Donnie Darko One SheetI can’t help but ride on the Onion A.V. Clubs coattails with this one. After Nathan Rabin wrapped up the compulsively readable series My Year of Flops, Scott Tobias has started up The New Cult Canon. The opening entry is Donnie Darko. Tobias brings up, specifically this scene, and rightfully so. I must admit I’m always impressed when a filmmaker can impart a lot of information and introduce a lot of characters in a short span of time. Watch this scene below, and you get an overview of over half of the characters in Donnie’s world in the film. But not only that, just from these scenes you get a lot of body language that indicates tensions and conflicts between the characters (for example, Beth Grant’s character cradling ‘educational’ literature of Patrick Swayze’ love/hate guru before being warmly welcomed by the principle and then awkwardly being introduced to two other teachers, Drew Barrymore and Noah Wyle or Jena Malone’s character quietly prepping herself at her locker for a first day at a new school.). It is fair to say that nearly half of the films plot and subplot elements are actually introduced in this sequence. Not only does this scene intro and define relationships between a large collection of characters, it does this silently, as Tears for Fears‘ “Head over Heels” plays. It also does this sequence in two fluid long takes, the first inside the school, the second outside.

For admirers of Big Love one can’t help but notice that the HBO show nicely references the “Sparkle Motion” element in the final shot of the second season, but also the center piece of the dancers (seen in slow as the camera glides by) is none other than Daveigh Chase, who is a fairly major character in the show (albeit in another context). I can’t help but be reminded of Brian DePalma’s Mission To Mars or P.T. Anderson’s Boogie Nights, both films use a single long take to introduce the large ensemble of characters, but arguably, Richard Kelly pulls off the intro with the most style and the most foreboding (all three films, in their own way, end with great stresses inflicted on their characters). Curiously, there is also a connection to Gus Van Sant’s Elephant, which has a large part of the story told simply by having the camera float down the hallways of a highschool. Imparting feeling, information (and , moments of astutely observed human behavior in the some sort of social environment are what I live for in good Television or Film. It’s certainly what makes much of HBO’s top-tier shows so compulsively watchable, and funny that you would find this on display with such a sure hand in the debut film which happens to be a sci-fi mindbender on top of everything else.

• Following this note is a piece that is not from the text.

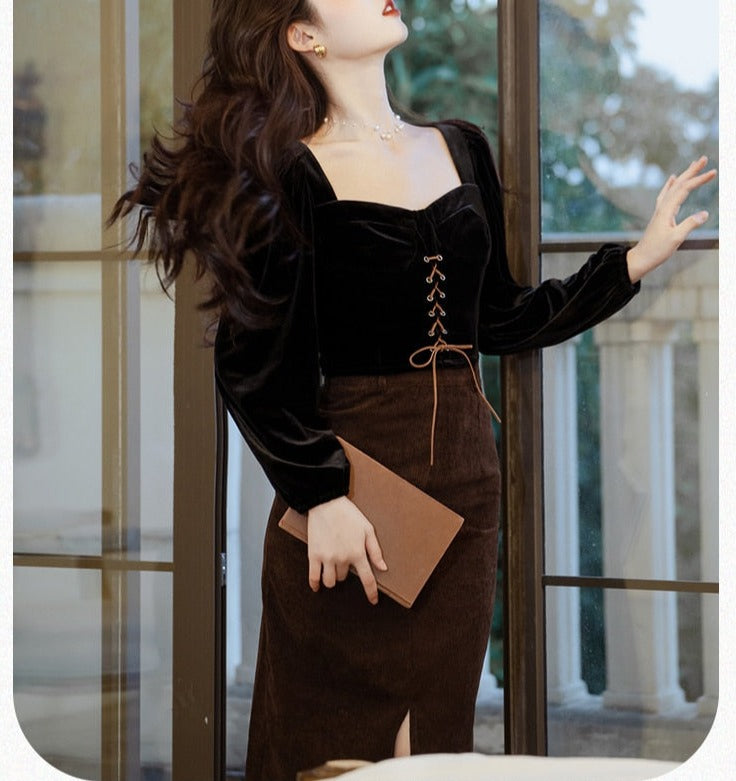 Conjunto Dark Academia de 2 piezas Darkening Night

One tends to wonder if the lasting appeal of Donnie Darko was the esoteric nature of the time-travel/tangent universe story and the joy that many of the fans took part in putting it together; or the rich texture of 1980’s issues and minutiae that are woven (in a way that denies any sort of simple genre classification) throughout the film. I tend to think the latter. Not just through this sequence, but through the more spiritual bookend sequence (also set to a Tears For Fears song, “Mad World,” as covered by Gary Jules) which was also done essentially silently.